Il Centro Studi Difesa Civile firma la lettera redatta su iniziativa di WAVE (Women Against Violence Europe), la rete europea dei centri antiviolenza, che ben 1166 organizzazioni in 42 paesi hanno inviato al Segretario Generale del Consiglio d’Europa. In Italia l’iniziativa ha raccolto ben 235 sottoscrizioni da parte di altrettante associazioni.

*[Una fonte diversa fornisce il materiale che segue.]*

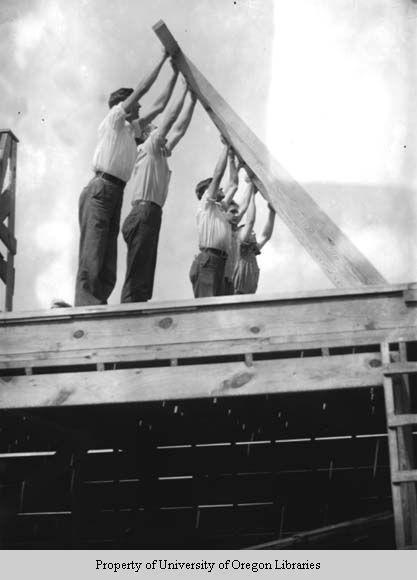 Students building a house, Berea College: raising wall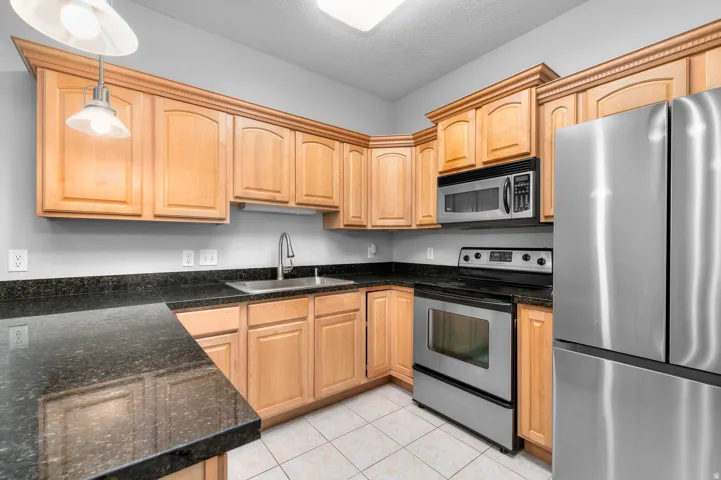 Kitchen featuring stainless steel appliances, wood cabinetry, dark countertops, and tiled flooring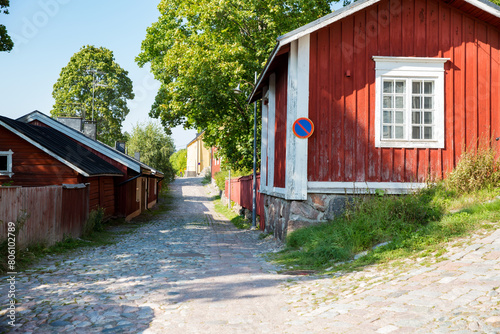 Porvoo, Finland. Narrow streets of Old town of Porvoo. Picturesque colorful wooden houses. Historic center, touristic place, landmark of Finland. Warm sunny summer day in nordic country.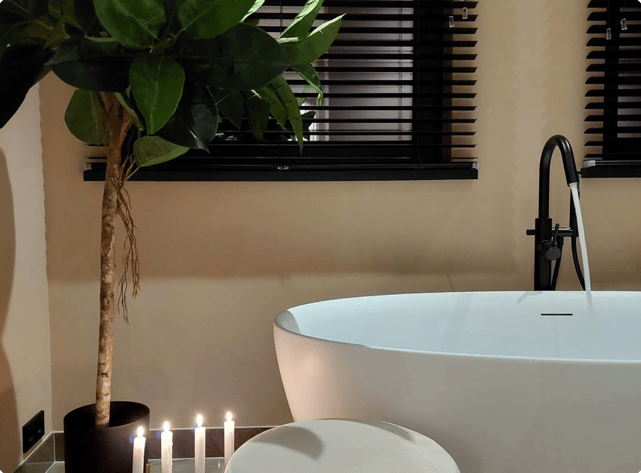 Salle de bains x²o chaleureuse avec baignoire blanche îlot, robinet noir sur pied et ambiance tamisée. Six bougies allumées et une grande plante verte ajoutent une touche relaxante. En arrière-plan, des stores noirs couvrent la fenêtre.
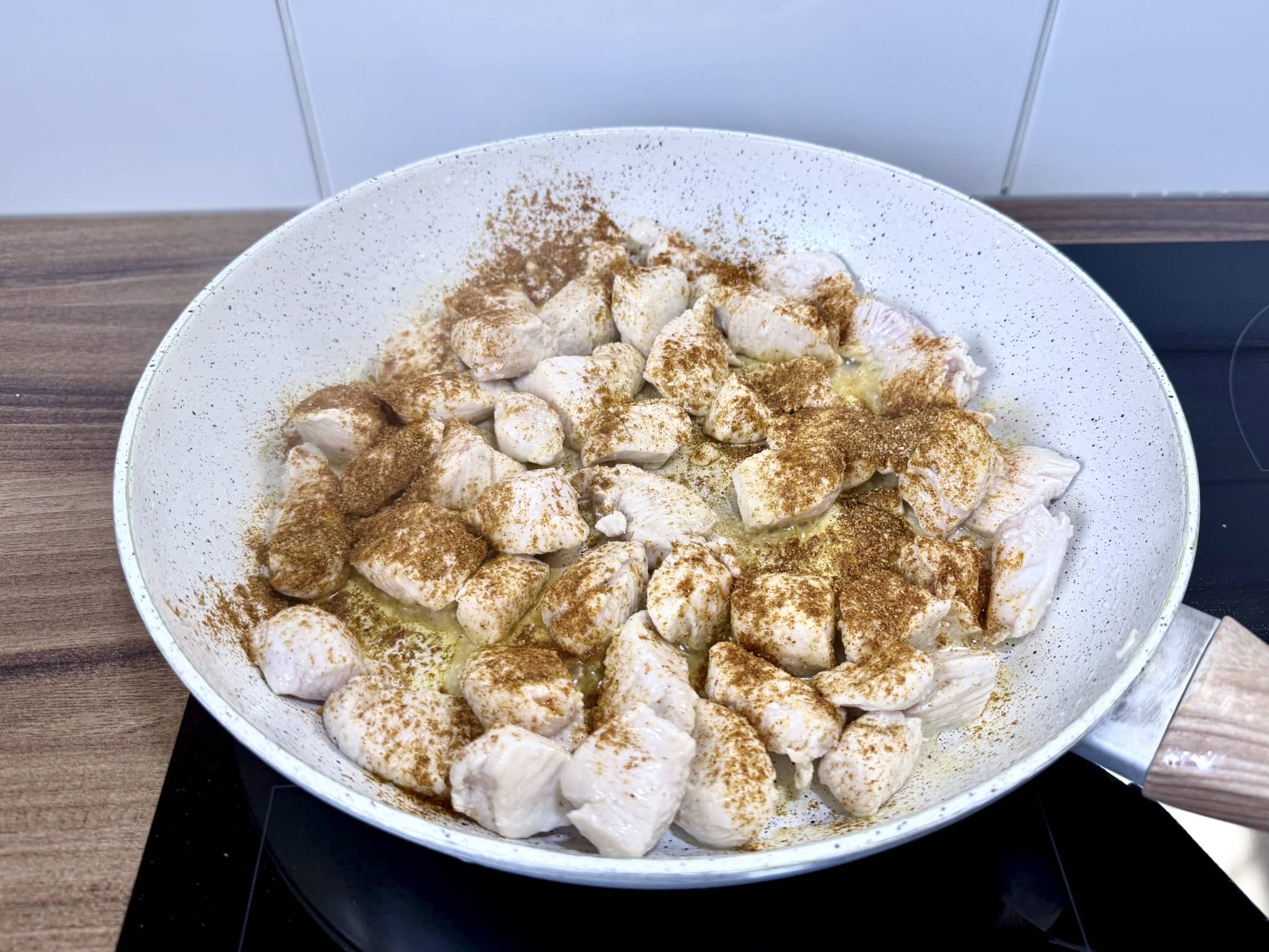Fried chicken breast pieces seasoned with seasonings in a frying pan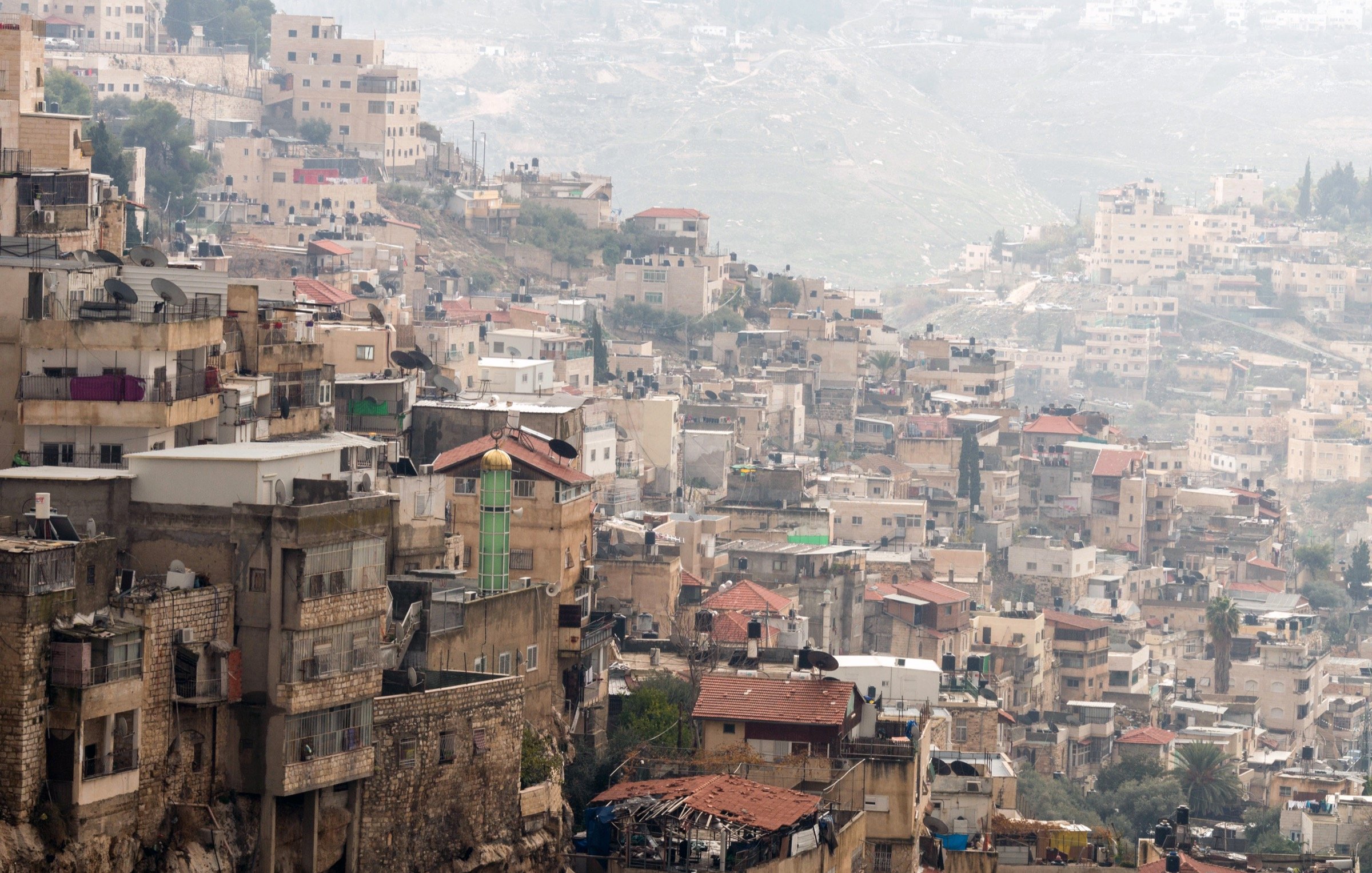 The image shows a densely populated hillside area with a mix of residential buildings. The structures vary in height and architectural style, with many appearing stacked closely together. Some roofs are visible, displaying a range of materials, from tiles to concrete. In the background, more houses and buildings can be seen on the sloping terrain, suggesting a continuation of urban development. The overall scene has a somewhat hazy atmosphere, possibly due to distance or weather conditions.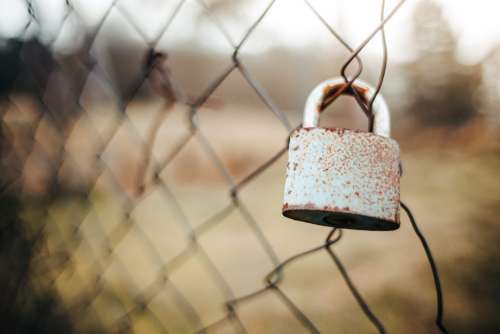 Old Lock on the Fence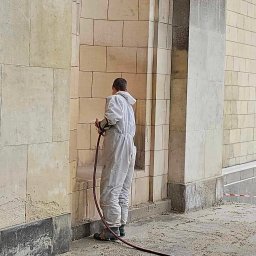 ADCLEANING M.LAMOWSKI K.JASIŃSKI S.C. - Pracownik w kombinezonie czyści kamienną elewację budynku za pomocą węża ciśnieniowego. Widoczne zabrudzenia i fragmenty oczyszczonej powierzchni.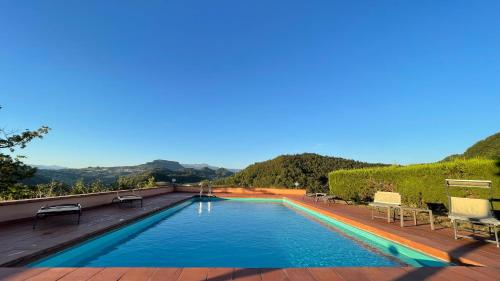 a swimming pool on the roof of a house at Val di Codena - Holiday Home 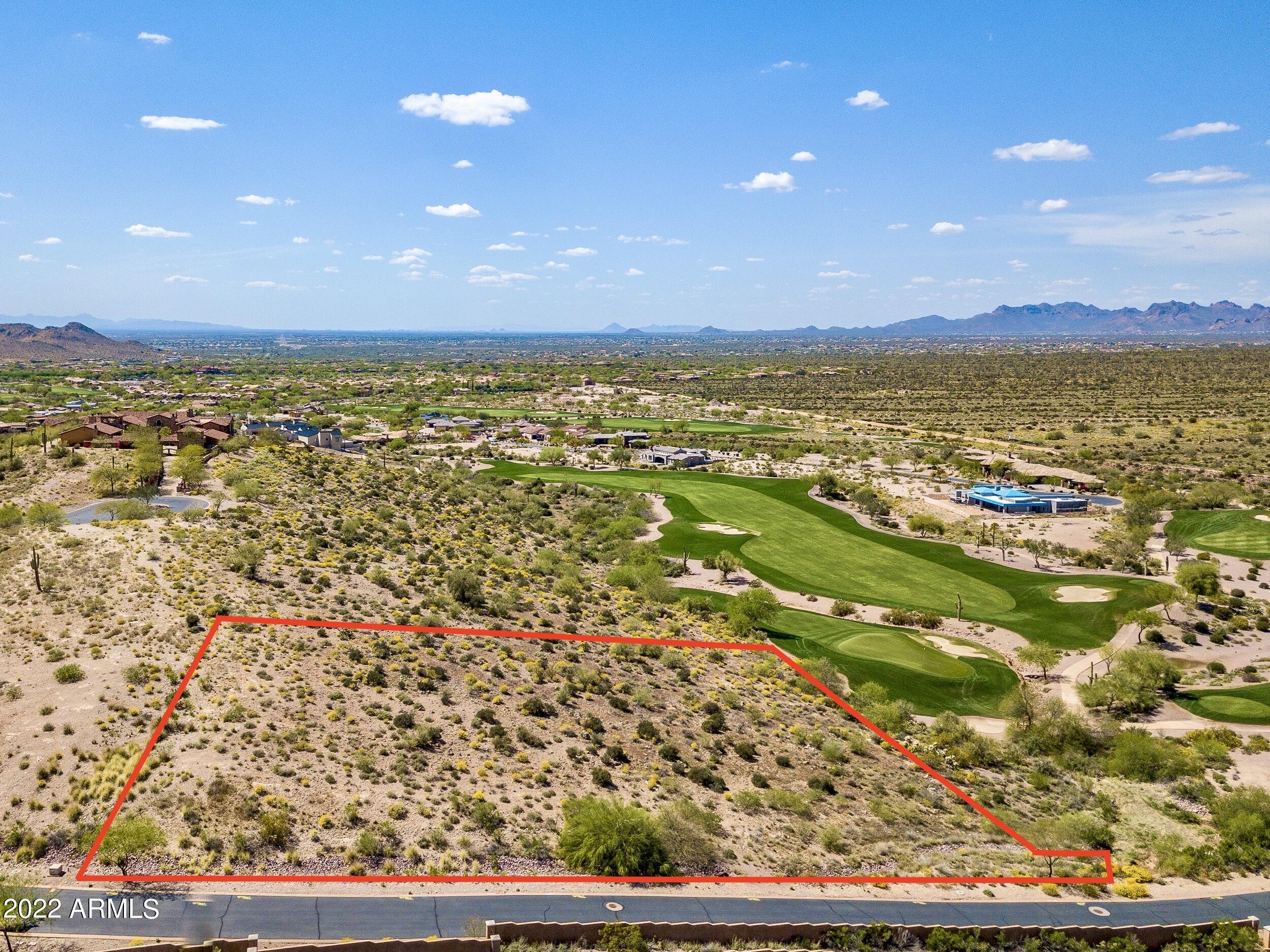 Where Eagles Dare! Superstition Mountain Golf & Country Club: a premier Lyle Anderson private/gated community w/36 holes of Nicklaus designed golf. An incredible hillside/hilltop opportunity on 1.5 acres overlooking unobstructed views of the Superstition Mountain range, the Usery Mountains, Tonto National Forest & unlimited vast open spaces of State Trust Lands. Renderings show herein are only for reference purposes & are not available for sale or as an option. Golf course frontage w/elevated views of 3 golf holes w/building area 57' above the golf course below. City light views & far distant mountain range vistas. Neighborhood of estate homes up to $5M. Without question, one of the best 'view' opportunities in the community & entire East Valley. Golf membership  under separate agreement. Only 35 minutes from Sky Harbor & 20 minutes from Williams Gateway. Exacting design standards for custom homes lends itself to the opportunity for lasting values,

Questa lettera vuole rispondere all’attacco portato alla Convenzione di Istanbul in una lettera sottoscritta da 333 organizzazioni di 9 paesi, che chiedeva l’avvio del processo di revisione della Convenzione di Istanbul sulla prevenzione e la lotta alla violenza contro le donne e la violenza domestica, specificamente in relazione a due punti:
– sostituire i riferimenti all’uguaglianza di genere con uguaglianza tra uomini e donne;
– consentire ai paesi di apporre delle riserve in sede di ratifica della Convenzione agli articoli che avessero giudicato controversi e ideologici.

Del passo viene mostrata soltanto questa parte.